6) Where can folks find you on-line and what projects do you have coming up?

I’m findable via social media at @perkylovesyou. It’s been my handle since dial-up modems were a thing and I’ll never change it. Kindness and empathy are huge to me, so it’s fitting. I love hearing from folks, so get at me. (I welcome fruitful discourse; hate/bigotry is unwelcome.)

Hopefully, you’ll hear about some new projects soon! My lips are sealed at the moment, but stay tuned!

Thanks so much! Hope to hear about new projects soon and thanks for answering my questions! I really liked the book and I'm sad to see it go!


Martin Gray said...

Good on K Perkins for interacting with the fans. I think I've said it previously, I really wish that post-Rebirth the question of where Lana got her powers was simply acknowledged as a cosmic riddle; Lana's attitude would be that she had to justify them by earning them with heroism. The explanations and re-explanations were wearing, and bogged down the book, taking the focus away from some genuinely good character work.

Nice job, Anj!

Anonymous said...

A very interesting interview. Thank you, Anj!

Personally I think the mystery of Superwoman's powers unresolved was detrimental, and I don't understand the answer: Superman was her powers' genesis? How is it possible? Humans don't gain powers only for being in the vicinity of Superman, as far as I know (not even in the Pre-Crisis era). And in the Post-Reborn continuity, Post-Flashpoint Superman hadn't died and transferred his powers to Lana and Lois... then again, Lois told in the last issue she was Superwoman...

My head hurts.

Anonymous said...

If I read that correctly, Kate was encouraged to not resolve the mystery of the genesis of Lana’s powers? In a way, I find that pretty cool. That editorial knows a clean resolution is probably impossible, so they just let it sit like that. Sure, life is like that – we so often have no idea what’s really going on. But for fiction, taking that approach can seem to be a cop-out. But, what can you do? This problem can’t be resolved. So roll with it. Thematically, so much was going on in terms of Lana’s growth, that looking back doesn’t really matter in the grand scheme of things.

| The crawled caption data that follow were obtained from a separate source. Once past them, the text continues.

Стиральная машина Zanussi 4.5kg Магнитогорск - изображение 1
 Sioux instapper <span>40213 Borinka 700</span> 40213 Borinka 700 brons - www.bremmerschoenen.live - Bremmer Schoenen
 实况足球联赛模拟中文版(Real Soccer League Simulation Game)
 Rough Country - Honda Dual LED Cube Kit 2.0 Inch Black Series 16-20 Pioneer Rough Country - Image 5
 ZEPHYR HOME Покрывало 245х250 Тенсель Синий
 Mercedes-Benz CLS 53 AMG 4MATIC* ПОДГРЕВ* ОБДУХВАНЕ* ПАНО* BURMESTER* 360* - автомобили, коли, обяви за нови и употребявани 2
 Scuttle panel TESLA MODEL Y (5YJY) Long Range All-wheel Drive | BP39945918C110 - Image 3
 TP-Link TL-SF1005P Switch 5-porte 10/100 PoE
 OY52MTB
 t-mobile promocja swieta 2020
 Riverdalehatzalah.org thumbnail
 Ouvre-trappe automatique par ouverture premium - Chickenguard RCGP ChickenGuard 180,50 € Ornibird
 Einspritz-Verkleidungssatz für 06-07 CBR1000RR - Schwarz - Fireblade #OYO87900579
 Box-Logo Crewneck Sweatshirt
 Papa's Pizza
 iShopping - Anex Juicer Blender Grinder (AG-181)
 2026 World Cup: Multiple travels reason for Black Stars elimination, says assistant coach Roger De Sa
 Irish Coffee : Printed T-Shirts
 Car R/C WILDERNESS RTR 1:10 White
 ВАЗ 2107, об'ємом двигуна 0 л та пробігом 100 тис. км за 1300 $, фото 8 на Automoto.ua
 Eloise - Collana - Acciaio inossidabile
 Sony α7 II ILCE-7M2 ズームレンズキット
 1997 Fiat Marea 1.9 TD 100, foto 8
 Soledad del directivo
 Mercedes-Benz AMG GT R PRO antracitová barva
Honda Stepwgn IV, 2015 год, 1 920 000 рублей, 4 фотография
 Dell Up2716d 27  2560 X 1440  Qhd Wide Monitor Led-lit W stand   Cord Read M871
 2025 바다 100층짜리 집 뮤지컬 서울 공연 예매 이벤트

I have to admit that I have never understood a single one of Geoff Johns’s miraculous rebirth stories. Totally nonsensical “resolutions” are no better than no resolutions at all. How the heck did Wally emerge from the speed force to reach out to Barry? How does Barry suddenly remember Wally? None of it makes a lick of sense. To be honest, when I see that Johns has his hands on a retcon, I feel nothing but despair. When I see a big event coming It’s a sense of oh here it comes again, another implausible retcon. And obviously Lana’s origin is one inevitable result of an impossible reset.

It could be argued that if one doesn’t like Geoff Johns, one should stay very far away from DC. They should rename it GJ. But once a reset happens, I can relax and get into stories within that new universe. Fortunately Johns doesn’t write all the stories after that. If he did, all of our heads would have exploded many years ago.

Anyway, this was a great interview and a great coup, Anj. Thank you to Kate for stopping by!